So if those two fiduciaries aren’t reviewed on a regular basis, you could come into a situation where you have a wrong person that’s not responsible or capable of handling the job that you’ve designated them to do. And it could be too, sometimes our clients will come in and they’ll have family members that they have put on their will or trust as a personal representative or a successor trustee, and those people have since passed away. And the alternate agent may not be around or may not be somebody that they want to serve.
So it’s very important to do that because if you’re not reviewing who those people are, it could lead to a costly probate or trust administration.
[Speaker 1] (6:12 – 6:42)
Yeah. But I’m glad you brought that up because what we often find is that people get their documents done and they feel like they can check a box and put that book on the shelf and just kind of forget about it. But exactly what you said, maybe that trustee that they named, maybe the family situation has changed and now that person is not the right person anymore.
How often would you say they should take a look at the trustee to make sure they’ve got that right person as the trustee?
[Speaker 3] (6:43 – 7:41)
At least every couple of years, but a good rule of thumb too is anytime there’s a major life event within the person’s life, that’s when you should go back and review those documents to make sure that you have the correct people listed. That could be a marriage between one of your kids and a new spouse. Maybe the new spouse is exercising a lot of influence over the child that you’ve designated as a trustee or a personal representative and you’re worried that may affect the estate administration.
It could be a death of a trustee or a family member. It could be a disability to a person that you’ve designated as a trustee or personal representative. So there could be a whole host of reasons that happen within the client’s life where it makes it appropriate to review those documents.
[Speaker 1] (7:41 – 8:06)
Okay. And then Richard, one more question about that. Sometimes we’ll see, well, often we’ll see a trustee and also a successor trustee.
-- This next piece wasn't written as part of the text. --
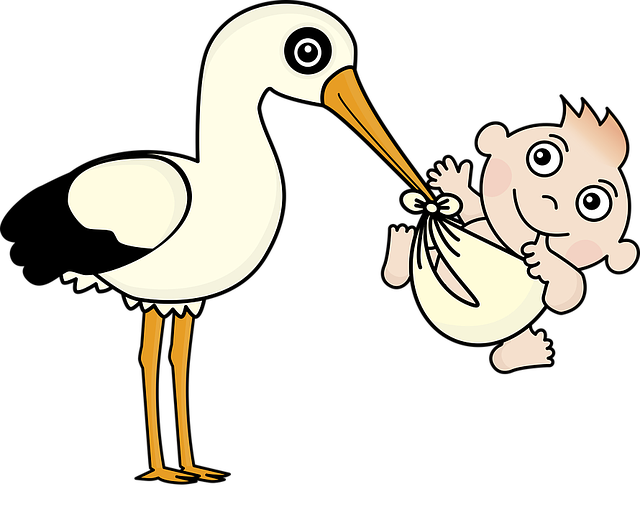 twins clipart stork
If that first person named as trustee just can’t do it for whatever reason, is there an easy mechanism that can be in those documents where they can just say, I don’t want it after all, and it goes to the successor?
[Speaker 3] (8:07 – 8:57)
Yeah, it depends on the trust. So trusts have a number of ways to determine when a trustee becomes incapacitated. For most trusts, usually it’s the opinion of a spouse and the person’s position to make that determination.
In some trusts, you’ll see something called the disability panel. And that disability panel consists of family members who can vote either unanimously or by a majority vote as to whether or not the trustee is incapacitated and the successor trustee takes over. So it could be a whole number of procedures within the trust agreement that’s set forth when a trustee becomes incapacitated.
[Speaker 1] (8:58 – 9:15)
Okay. Another question for you, Richard. What about when there are minor children?
When a person has minor children and they have estate documents and that, what are the things they need to understand about those minor children in terms of someone suddenly dying?
[Speaker 3] (9:17 – 10:23)
There’s a couple of things that they need to understand. First of all, it’s important that they have a will that designates who will be the guardian for the minor children. So the guardian will be entrusted with the health and welfare overall care of the minor children on a daily basis.
And then the second thing that’s important is how the minor children will inherit money from the deceased and who is responsible for managing that money until the deceased feels as though their children are responsible enough to do so themselves. So those are the two primary considerations. And not all the time will the client want the guardian and the trustee to be the same person.
There may be people who are better suited to care for and raise a child than managing that inheritance for the child until the child is responsible enough to do so on their own behalf.
[Speaker 1] (10:23 – 10:35)
So maybe there’s very nurturing, loving aunt who’d be perfect as a secondary mom, but maybe not the best one to really manage the money and somebody else to manage the finances and monies that belong to those children.
[Speaker 3] (10:36 – 10:37)
Yep.
[Speaker 1] (10:37 – 10:47)
That’s exactly correct. Okay. Good, good.
Thank you. Another question for you, Richard. Did you or do you need to fund your trust during your lifetime?
[Speaker 3] (10:49 – 11:59)
Yes. It’s very important that the trust gets funded. The purpose in creating a trust is to avoid probate.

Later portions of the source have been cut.